## [ASSIGNMENT]
Would you give the listing again exactly, without its images?

*** Opening of INFORMATION PROVIDED ***

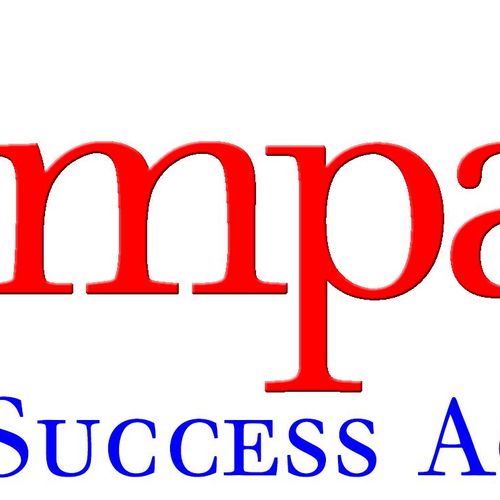 This is the logo for Compass Success Academy, mMBS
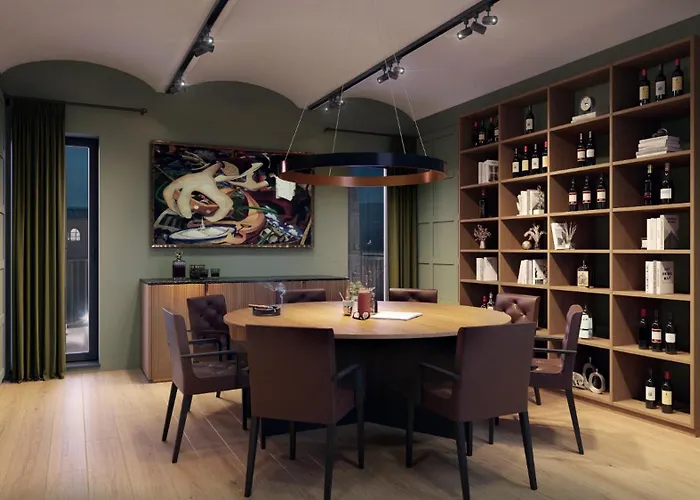 فندق Moerwald Gutshof *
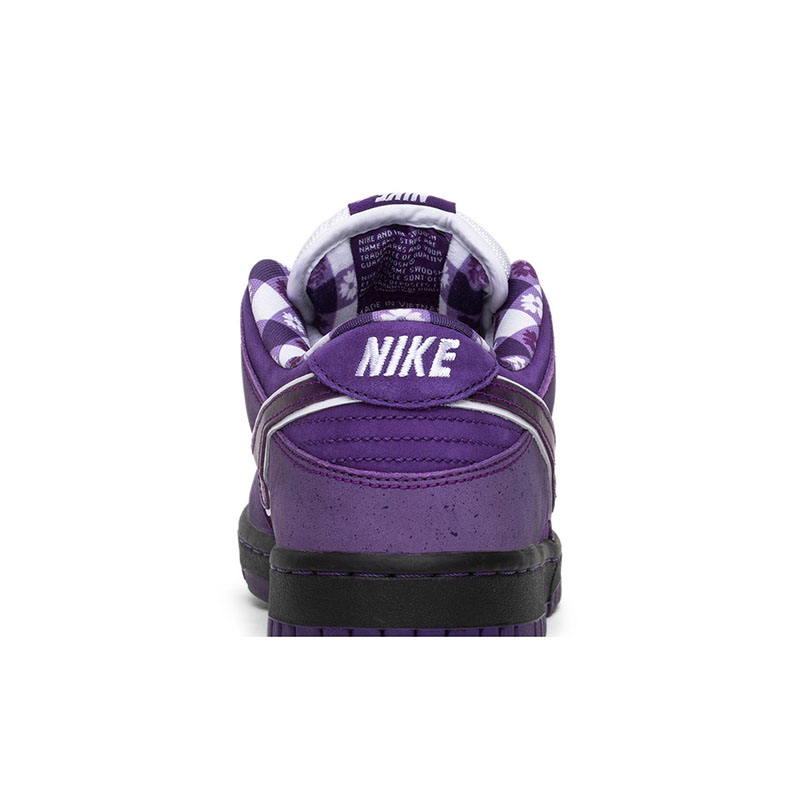 CONCEPTS X DUNK LOW SB 'PURPLE LOBSTER'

*** Close of INFORMATION PROVIDED ***

## [EXERCISE RESPONSE]
 This is the logo for Compass Success Academy, mMBS
 فندق Moerwald Gutshof *
 CONCEPTS X DUNK LOW SB 'PURPLE LOBSTER'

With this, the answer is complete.